I tried doing three sets of gather and then using the mutate function using case_when. like so
df<- df %>%
gather(key="A",value="code",dx)%>%
gather(key="B",value="number",dxadm)%>%
gather(key="C",value="character",dxpoa) %>%
mutate(X=case_when(
code == 100 & present >0 ~ 1,
code ==100 & character == "Y"~1)
)
Except my spread function of these rows came back with rows all array and my X out of place.
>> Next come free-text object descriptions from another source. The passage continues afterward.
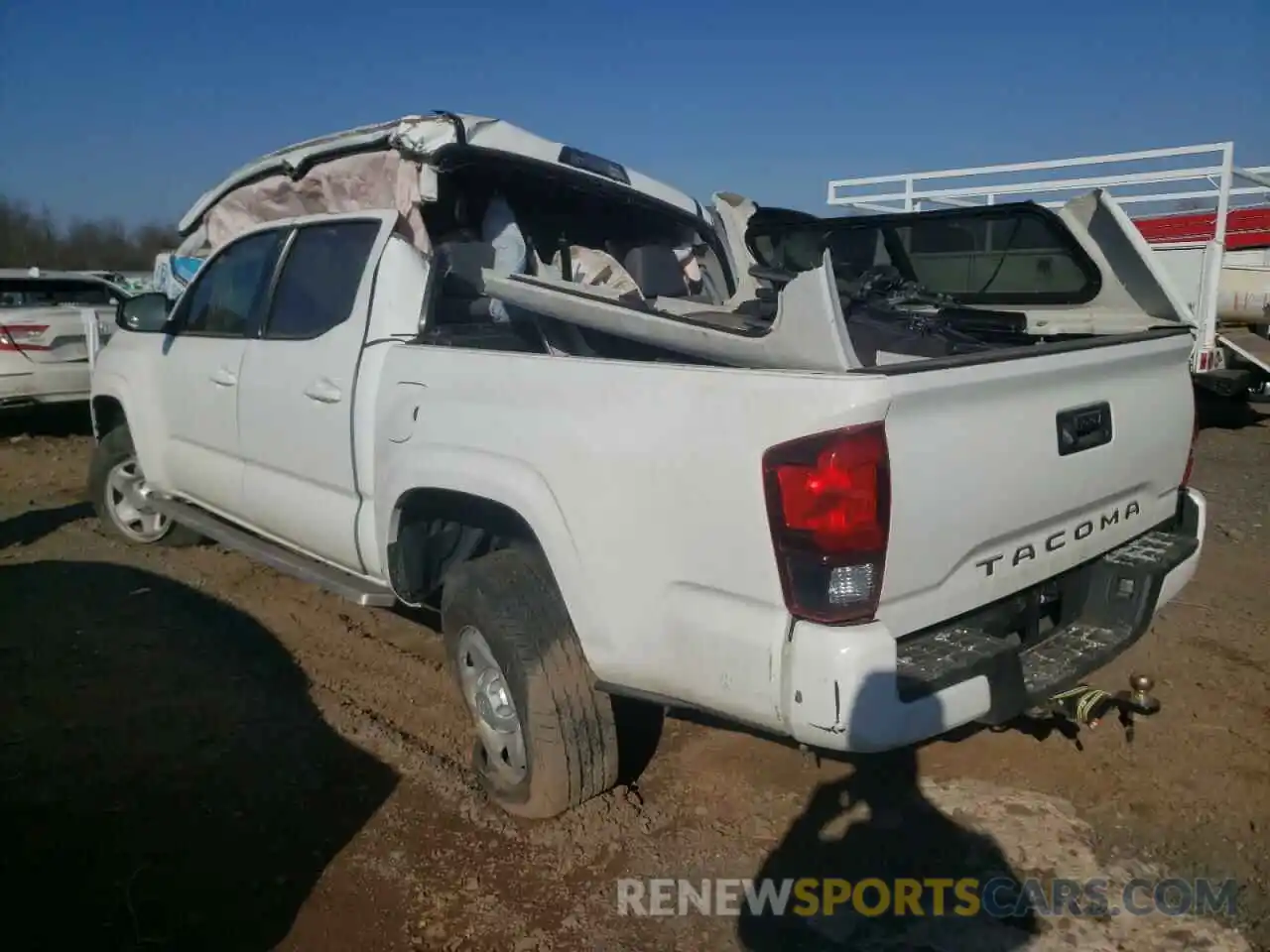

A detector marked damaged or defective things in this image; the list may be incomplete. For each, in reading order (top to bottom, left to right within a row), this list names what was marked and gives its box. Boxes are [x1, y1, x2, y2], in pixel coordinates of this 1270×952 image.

damaged white toyota tacoma [86, 109, 1199, 812] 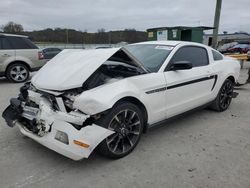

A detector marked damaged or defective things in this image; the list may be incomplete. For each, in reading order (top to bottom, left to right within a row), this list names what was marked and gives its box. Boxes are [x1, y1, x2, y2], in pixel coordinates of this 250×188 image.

crumpled hood [32, 47, 120, 90]
damaged front end [1, 82, 113, 160] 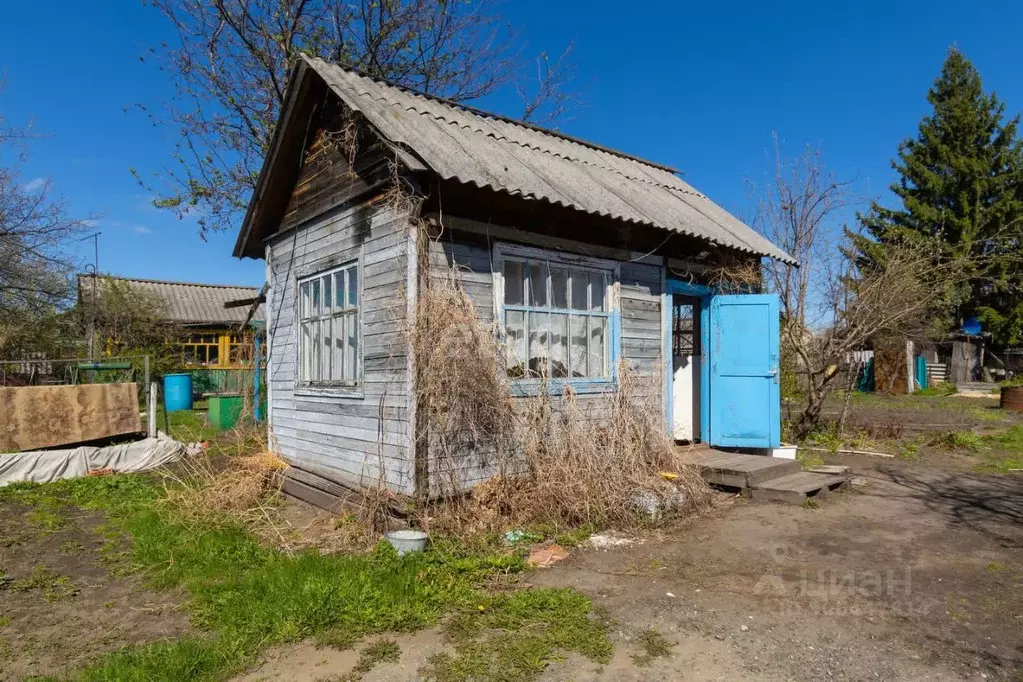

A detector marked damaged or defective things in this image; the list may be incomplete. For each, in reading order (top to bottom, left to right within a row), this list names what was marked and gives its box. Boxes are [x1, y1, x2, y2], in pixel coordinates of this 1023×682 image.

rusted metal sheet [286, 55, 789, 265]
rusted metal sheet [0, 384, 142, 453]
rusted metal sheet [998, 386, 1023, 413] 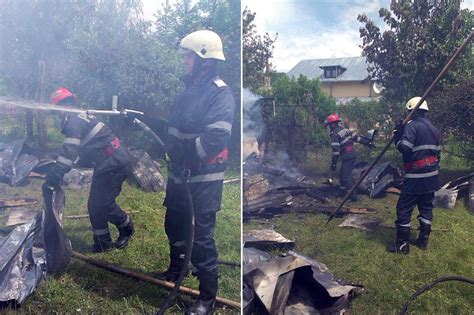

Alternatively, I considered something like
df <- df %>%
mutate(X=case_when(
A1 == 100 & B1 >0 ~ 1,
A1 ==100 & C1 == "Y"~1,
A2 == 100 & B2 >0 ~ 1,
A2 ==100 & C2 == "Y"~1,)
and so on for all permutations. The two problems with this are that I have a lot of columns and I'd like to this for multiple different values of A.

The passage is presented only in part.